The call, one of hundreds made every day, goes something like this:
“Hello. This is Billy-Joe-Bob, can I help you?”
“Yeah Billy, this is Hank with Smith Machine. I’m working on an F-150 with a 4.6 and I need some parts.”
“OK, Hank. I have several Smith Machines, do you know your account number?”
“OK, can I get your phone number?”
“Hank, now that I’ve got your account up, can you give me more info? On a 4.6 I need the year and the VIN number. You know the eighth digit?”
“Well, I think it’s a ’99 and he didn’t give me the VIN. Aren’t they all the same?”
“No, they’re not. Is it a Windsor or a Romeo? Single cam or dual cam? Oh, and for the timing set, I do need the exact year.”
“Windsor or Juliet? Err, Romeo? Really? Why do I need to know all that? How can I tell?”
“You need to know all that so I can get you the correct parts. You can tell by getting me the VIN number.”
The fact that this conversation mimics the one he had yesterday while trying to find parts for an import engine – an even bigger nightmare – still doesn’t dawn on Hank. The real fact of the matter is he could spare himself all this grief and waste of time by doing a better job of receiving his labor.
No, Hank didn’t lie to Billy when asked about the vehicle identification number (VIN) – his customer really didn’t give that to him. No one ever seems to offer the critical info. That is why you have to ask for it. Just as you have to ask for a name and phone number. What if your customer, say Joe’s Repair, doesn’t have the VIN? That’s OK. Just make sure that Joe knows you can’t get his job started until he gets that for you. If Joe is a smart man and wants to get that car done and out of his bay, he sure as heck will get that info to you quickly.
Let’s turn this around. Same conversation but this time Billy doesn’t do his job, doesn’t ask the right questions. Sure, old Hank doesn’t know and neither does he, so he’ll just choose the first part he finds. It was just an estimate, right?

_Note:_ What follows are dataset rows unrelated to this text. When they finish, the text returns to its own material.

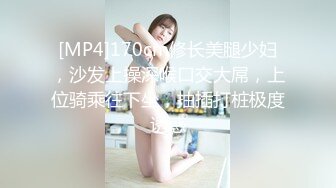 [MP4]170cm修长美腿少妇，沙发上操深喉口交大屌，上位骑乘往下坐，抽插打桩极度诱惑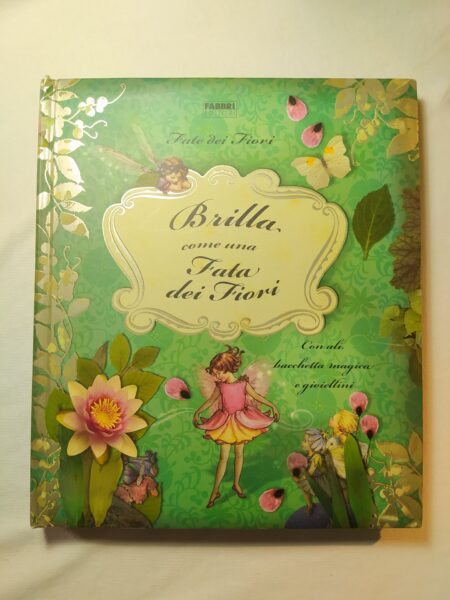 Brilla come una fata dei fiori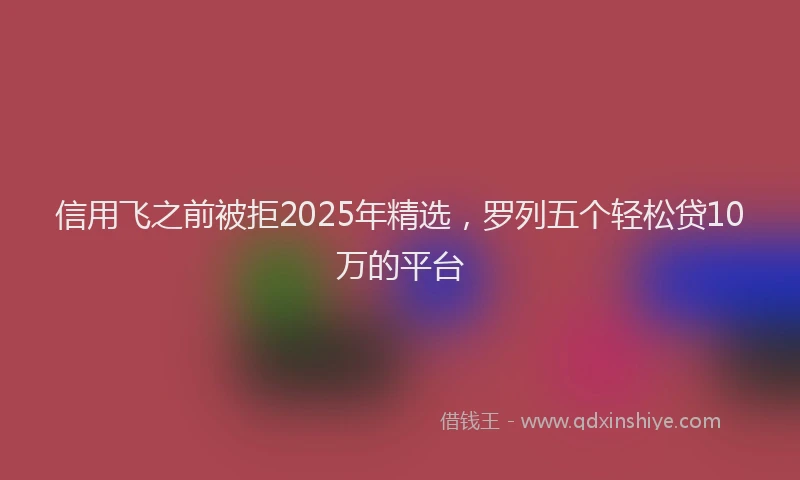 信用飞之前被拒2025年精选，罗列五个轻松贷10万的平台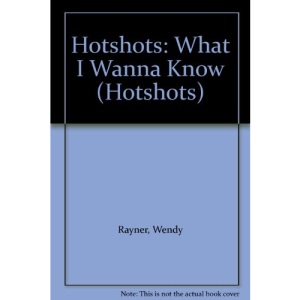 Hotshots: What I Wanna Know (Hotshots)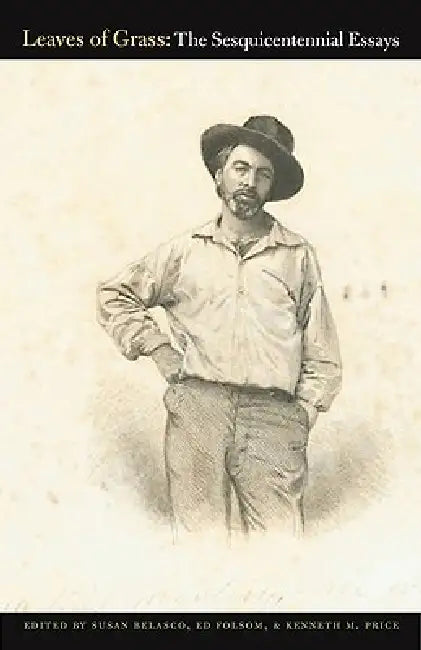 Leaves of Grass (English, Susan Belasco | Kenneth M. Price | Ed Folsom)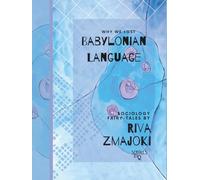 Babylonian Language: A Tale as Old as Time, Colour in Letters While Pondering Creation (Sociology Fairy-Tales as Told by Riva Zmajoki)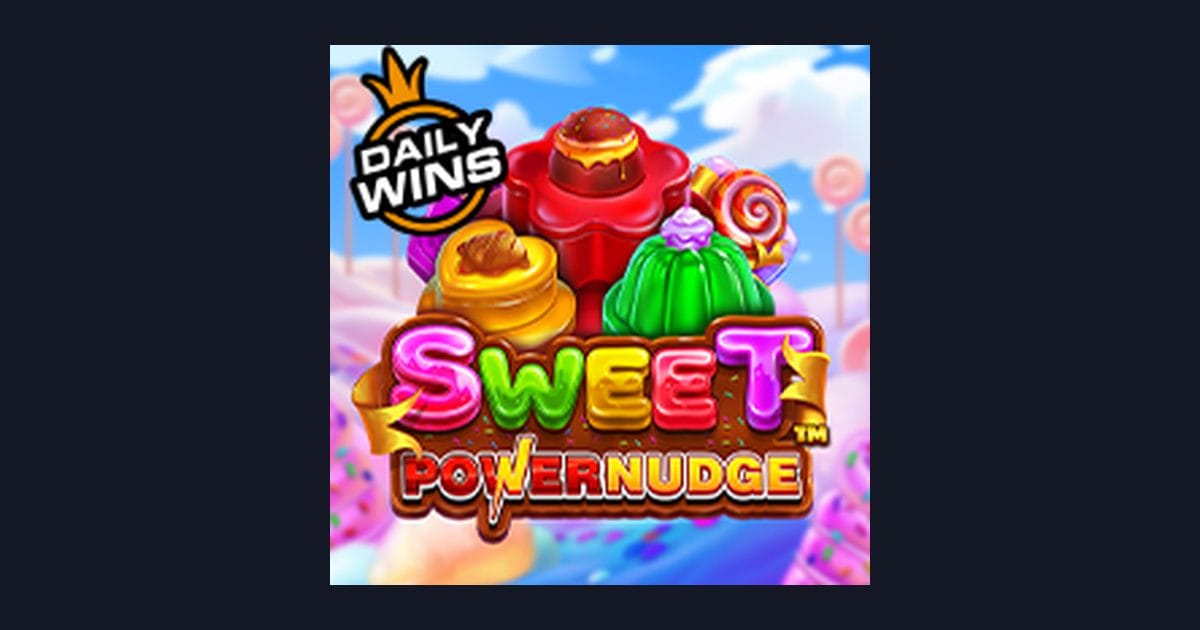 Sweet Powernudge, Slot Anti Boncos dengan Peluang Menarik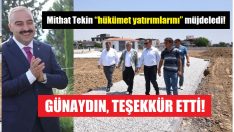 Günaydın’dan Tekin’e teşekkür!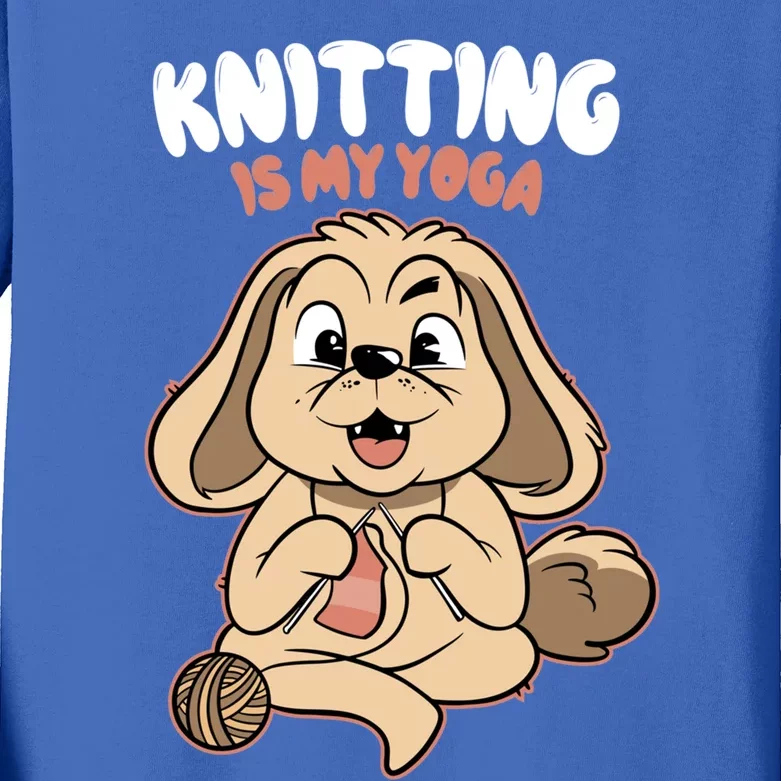 Knitting Is My Yoga Funny Dog Lovers Gift Kids Long Sleeve Shirt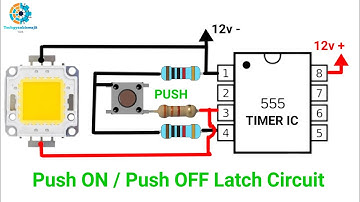 How To Make Push ON / Push OFF Latch Circuit Using 555Timer Ic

So Hank gets a price on a mystery part and the snowball begins its journey down the hill. His quote to his customer is wrong, and odds are, it will probably be too low. Somewhere down the line, the go ahead is given and the mystery part is ordered. Now we’ve added shipping costs to all the time we’ve spent acquiring a quote and then the part.
We’ve all been here so there is no surprise when the part or parts are wrong. But we have time, freight and money tied up in the wrong part. Add in return freight, all for nothing, and we’re back to square one. Now you’re calling Billy-Joe-Bob and you’re mad. But let’s ask ourselves, who’s at fault here?
I personally hate fault. It accomplishes nothing and is only a defense mechanism to protect our own fragile egos. Resolve comes only when we move forward. And since this isn’t a waltz, let’s not take two steps forward and one step back.